---- Records

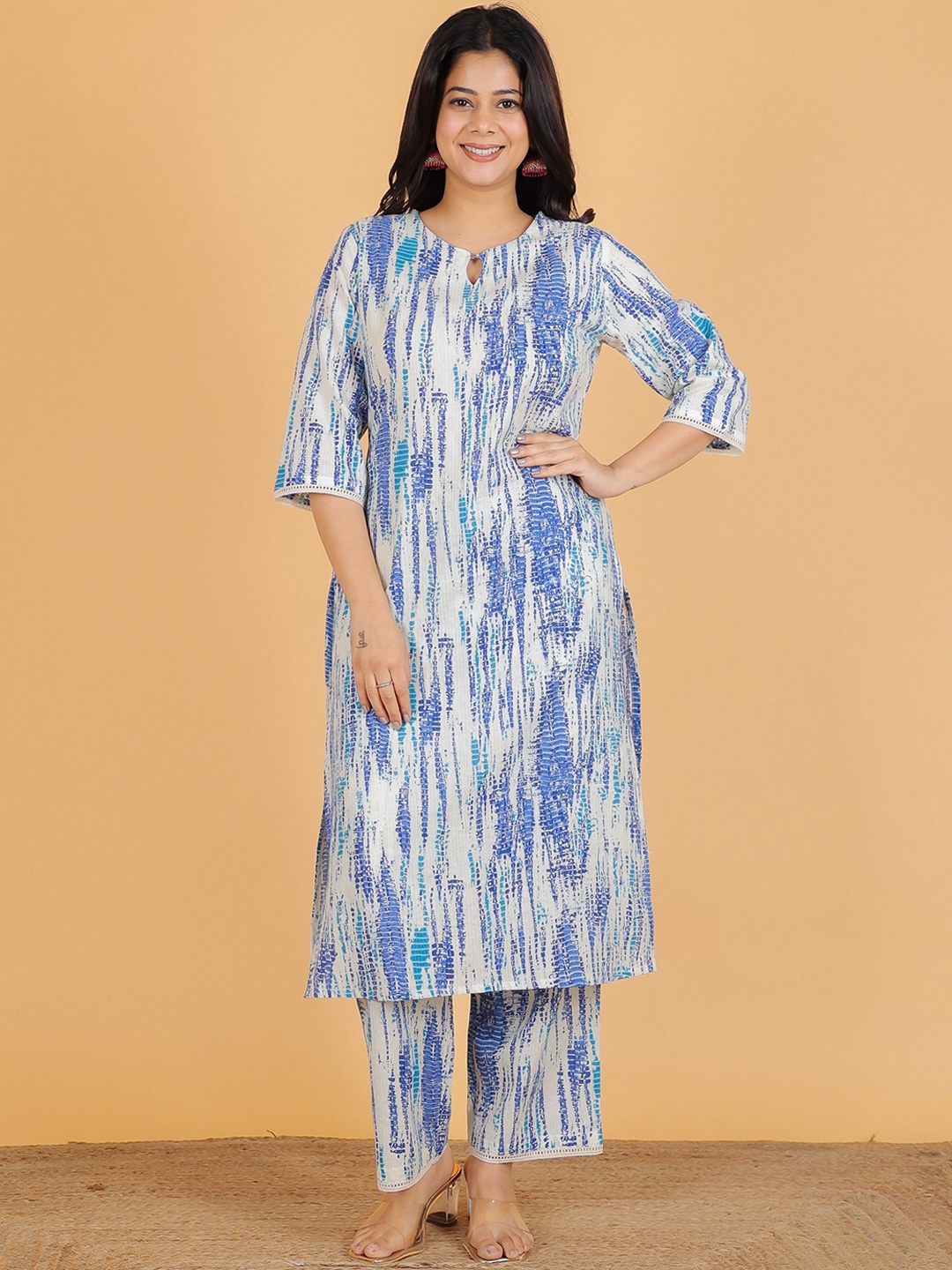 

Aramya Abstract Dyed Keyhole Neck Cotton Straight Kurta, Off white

--------
---- Records

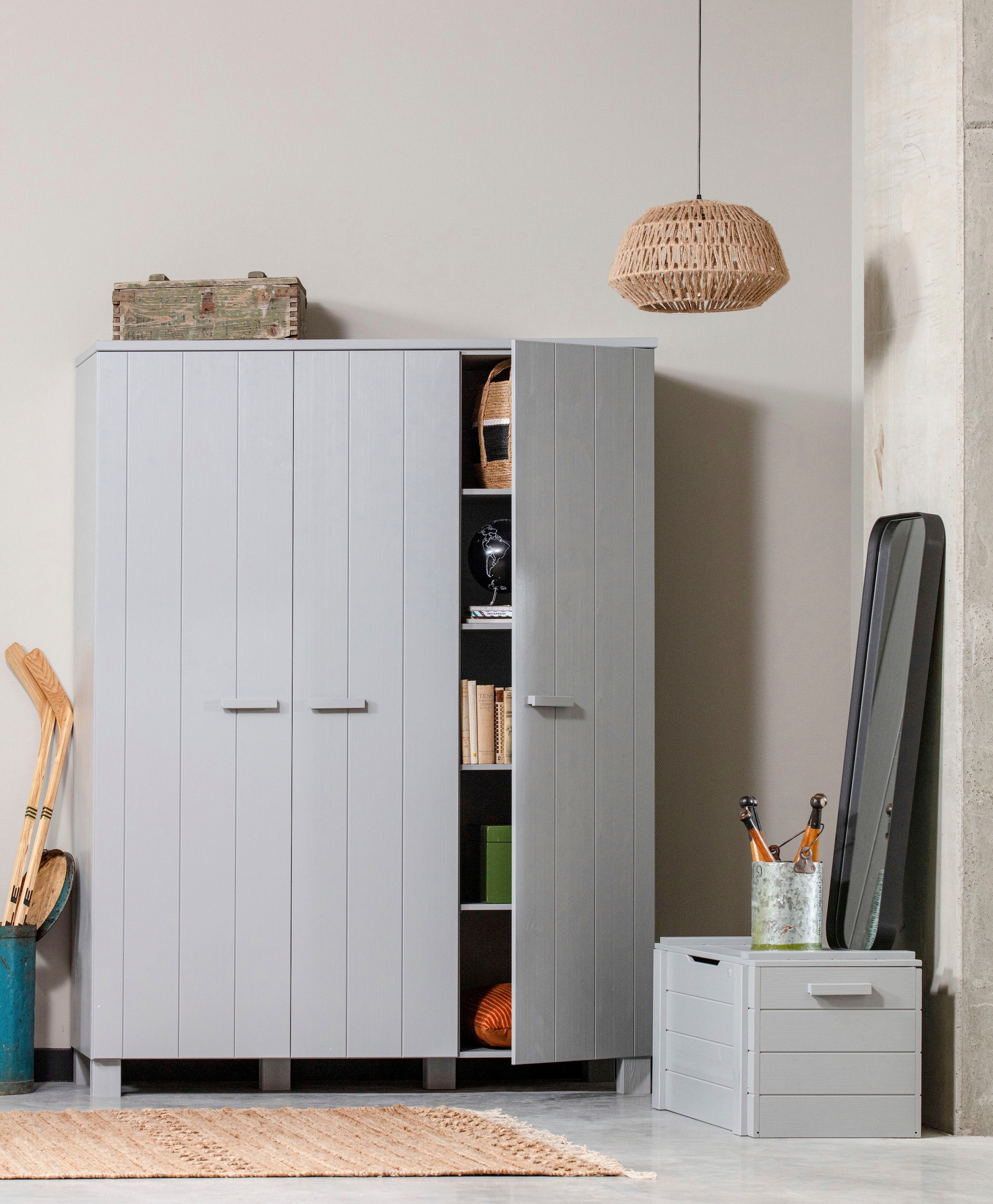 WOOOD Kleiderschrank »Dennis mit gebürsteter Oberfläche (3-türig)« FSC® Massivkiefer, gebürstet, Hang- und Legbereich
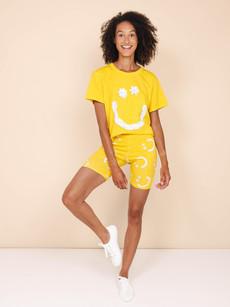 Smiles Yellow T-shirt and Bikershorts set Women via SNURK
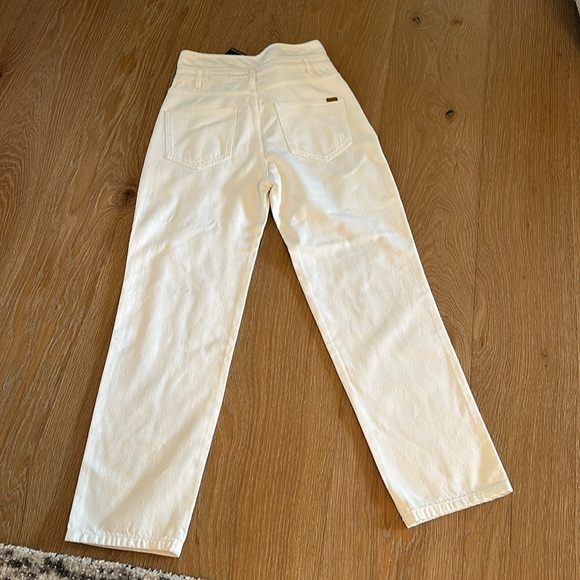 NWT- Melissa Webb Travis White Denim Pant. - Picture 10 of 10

--------

### Task instructions:
Set down word for word the lines above from the one with "Smiles Yellow T-shirt" up to and including the one with "NWT- Melissa Webb". Omit every picture.

### Exercise output:
 Smiles Yellow T-shirt and Bikershorts set Women via SNURK
 NWT- Melissa Webb Travis White Denim Pant. - Picture 10 of 10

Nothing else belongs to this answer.